While he has been a key figure in Iran’s judiciary for decades, Raisi is a fairly new player in the Islamic Republic’s political arena.

Raisi owes his prominence today to a campaign – seemingly being driven by the highest centers of power in Iran – that has aimed over the past six or so years to portray him as a humble, anti-corruption, and no-nonsense figure.

In 2016, Supreme Leader Ali Khamenei appointed Raisi as the custodian of Astan-e Qods-e Razavi, a multi-billion dollar religious conglomerate encompassing businesses and endowments that oversees the holy Shia shrine of Imam Reza in Mashhad, the home city of both Khamenei and Raisi.

Raisi then ran for president in 2017, losing to Rouhani. But his rise within Iran’s ruling establishment went on uninterrupted.
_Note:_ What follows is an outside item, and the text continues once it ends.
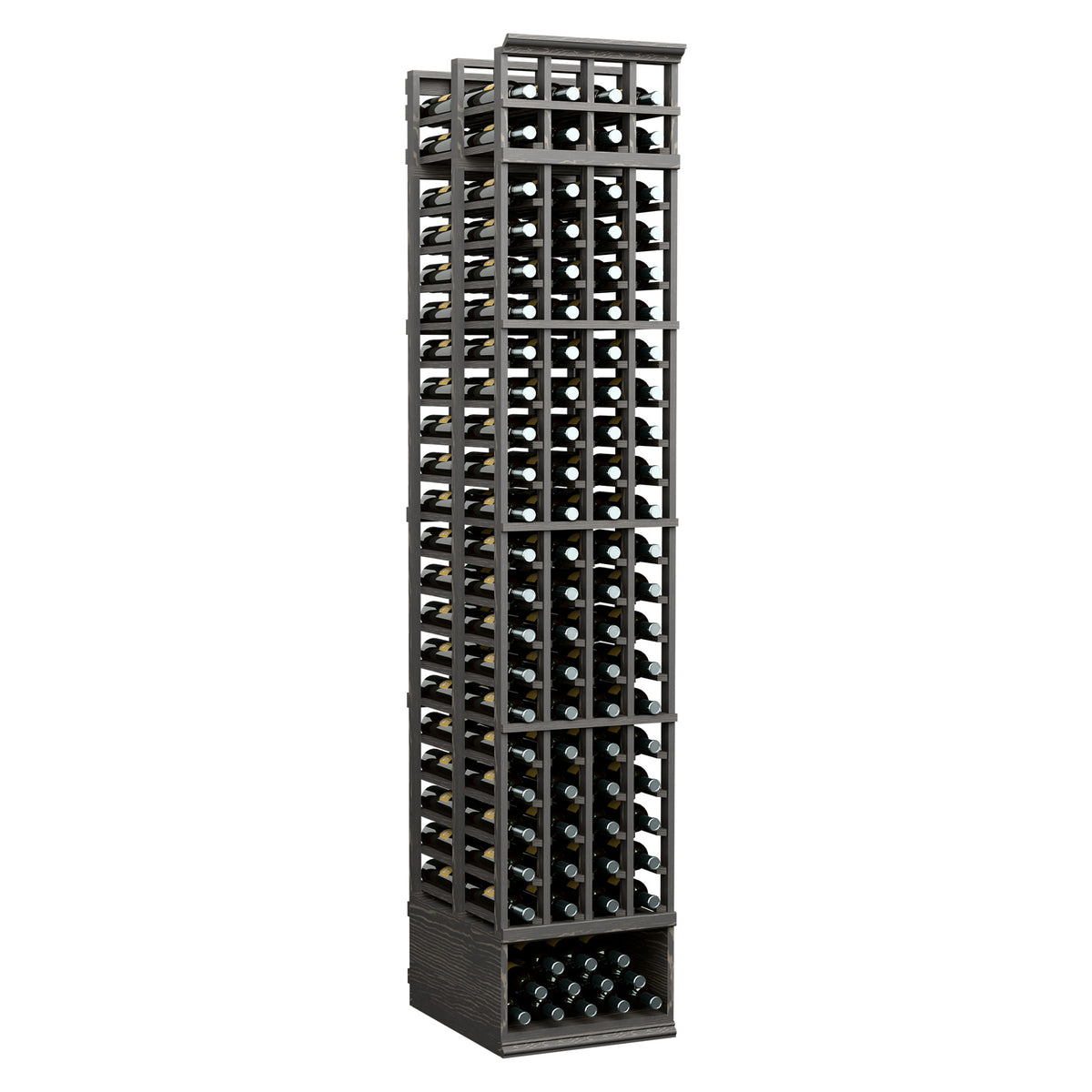 4-column double-deep wine bottle rack, dark frame with bottle storage rows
In 2019, Khamenei appointed him head of the judiciary, one of the most senior positions within the Islamic Republic.

During his tenure, the judiciary “has granted blanket impunity to government officials and security forces responsible for unlawfully killing hundreds of men, women and children and subjecting thousands of protesters to mass arrests and at least hundreds to enforced disappearance, and torture and other ill-treatment during and in the aftermath of the nationwide protests of November 2019,” Callamard said.

Under his watch, Iran executed wrestler Navid Afkari in September 2020, and three months later, journalist Ruhollah Zam – two cases that drew international condemnation.

What to expect

Iran’s foreign policy is set by the supreme leader, not the president, and is therefore unlikely to undergo major change with Raisi as president.
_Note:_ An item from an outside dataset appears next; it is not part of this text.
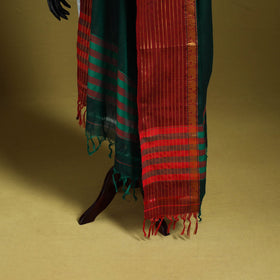 Green - dharwad cotton dupatta with zari border 60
“Abroad, Raisi is poised to implement Khamenei’s vision. Raisi himself is no visionary, nor does the Iranian president have the power to deviate from a pre-ordained path,” Ben Taleblu said.
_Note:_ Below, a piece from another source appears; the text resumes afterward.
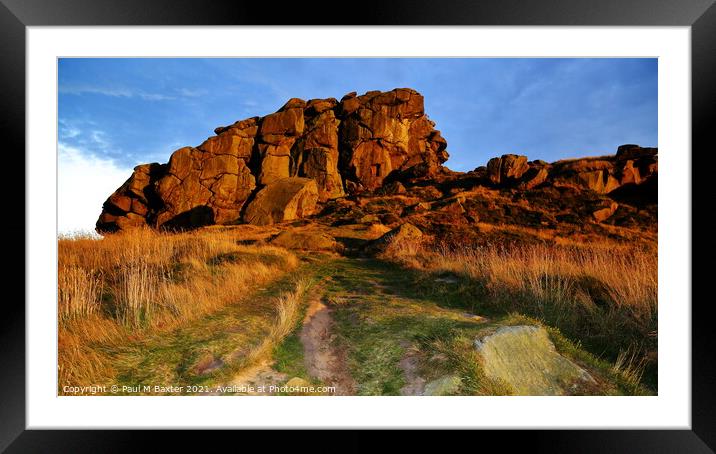 Almscliffe Crag Framed Mounted Print by Paul M Baxter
The Islamic Republic’s core policies “will largely remain the same” with Raisi in office, Jason Brodsky, a senior Middle East analyst at Iran International TV, told Al Arabiya English.

The United States and Iran have engaged in indirect talks in Vienna for months to revive the 2015 nuclear deal that Washington withdrew from under former President Donald Trump in 2018.

Raisi said during a televised presidential debate earlier this month that he is not opposed to the nuclear deal, and Iran’s top nuclear negotiator said Thursday the presidential election would have no impact on the ongoing negotiations in Vienna.

While Raisi is unlikely to obstruct a revival of the deal, having him as president, given his human rights record, could lessen the benefits from having sanctions lifted for Iran, Brodsky said.

“A Raisi presidency may impact the degree to which any sanctions relief under the nuclear deal will be effective in boosting the Iranian economy. This is because despite the sanctions relief, there will remain severe reputational risks for countries and companies who choose to do business with the Islamic Republic,” he said.

“Ebrahim Raisi’s bloodstained record won’t exactly be a selling point.”

Domestically, Brodsky said, Raisi will likely “seek to implement the supreme leader’s vision of a resistance economy, focusing more on enhancing local production rather than on attracting foreign investment.”

“An Islamic Republic with Raisi at the helm means the mask has come off. Moreover, it means that Iran has less of a compunction about hiding its spots,” Ben Taleblu said.

Next supreme leader?

Raisi is frequently mentioned as a possible successor to Khamenei and winning the election could boost his chances of becoming Iran’s next supreme leader, analysts say.

The Guardian Council’s decision to disqualify all serious rivals to Raisi from running in the election – a decision the council could not have taken without Khamenei’s approval – added to the speculation that Raisi is being groomed to become the next supreme leader.

“It is too early to definitively say whether Raisi will become supreme leader,” said Brodsky. “But it is safe to assume he is a leading contender. At the very least, if Khamenei were to pass away during his tenure as president, Raisi would be playing a critical role during the transition, including the possibility of serving on an interim leadership council.”